Braverman’s Los Angeles is grittier than Eve Babitz’s, lusher than Joan Didion’s—it’s the city from my early childhood, the city my parents grew up in, and their parents before them. I recognize her Los Angeles as my own. All concrete and bougainvillea and stucco sliding into the sea. It’s pre-gentrified, before Silicon Beach and Bird scooters, back when Ocean Boulevard still resembled the main drag of a sleepy beach town and not some simulacrum of Miami Beach.
If you’re unfamiliar with Braverman, imagine Jean Rhys, toes in the sand near Santa Monica Pier, trying to make sense of this little port town turned future city. How can it at once repel us and capture our imagination? “Here, where it is always some form of summer, she continues, everything grows swollen, enormous, oblivious to proportion. Early roses bloom in front yards on Carroll Canal. Honeysuckle spills over the wire fence of the house next door. Walls of red hibiscus hide windows.
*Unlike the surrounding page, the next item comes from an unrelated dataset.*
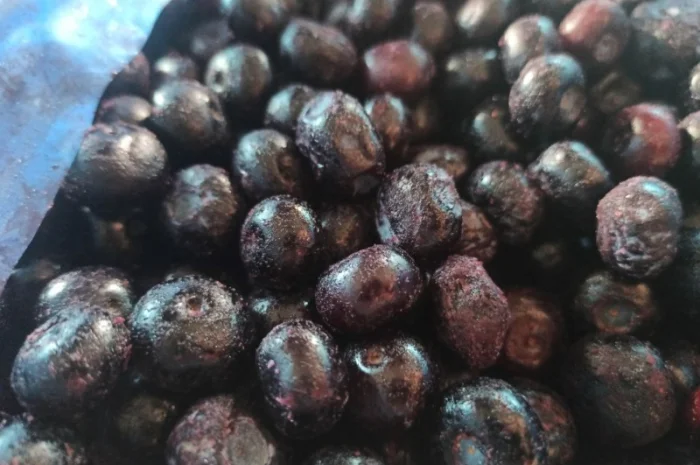 Куплю лохину заморожену- фото № 1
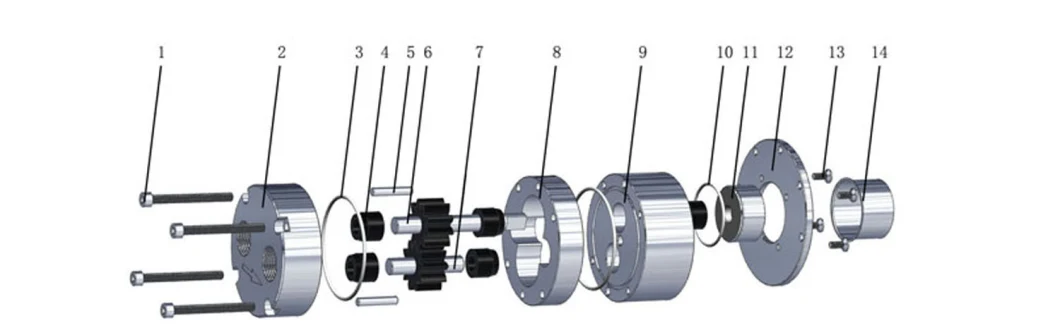 Chemical Nitric Acid Magnet Drive Gear Pump Acid Resistant Pump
Lemon trees are opening up, stiff yellow.” That mix of beauty and decay, as if Braverman were a scientist examining a specimen, or an astronomer a star—it’s something only a daughter of Los Angeles can appreciate.
Those who grow up here have a complex about doing so. Insecure and self-conscious, we’re aware of the stereotypes. We’ve heard it before. This is a city with no center, a pretend town—a greenscreen, a backdrop for more illustrious cities back East. Devoid of culture, devoid of art, a cement jungle with congested freeways and a polluted sea. Blah, blah, blah. It’s a tired formula from the last century, but one Braverman wrestled with because her generation grew up shouldering the weight of these slurs so writers like me could carry a lighter load. “Time gave us our credibility,” she writes in her “accidental memoir”, Frantic Transmission to and from Los Angeles, which won the Graywolf Press Nonfiction prize in 2005. “There were revisions and the world caught up. Rather than infected aberration, Los Angeles anchored the Sunbelt.”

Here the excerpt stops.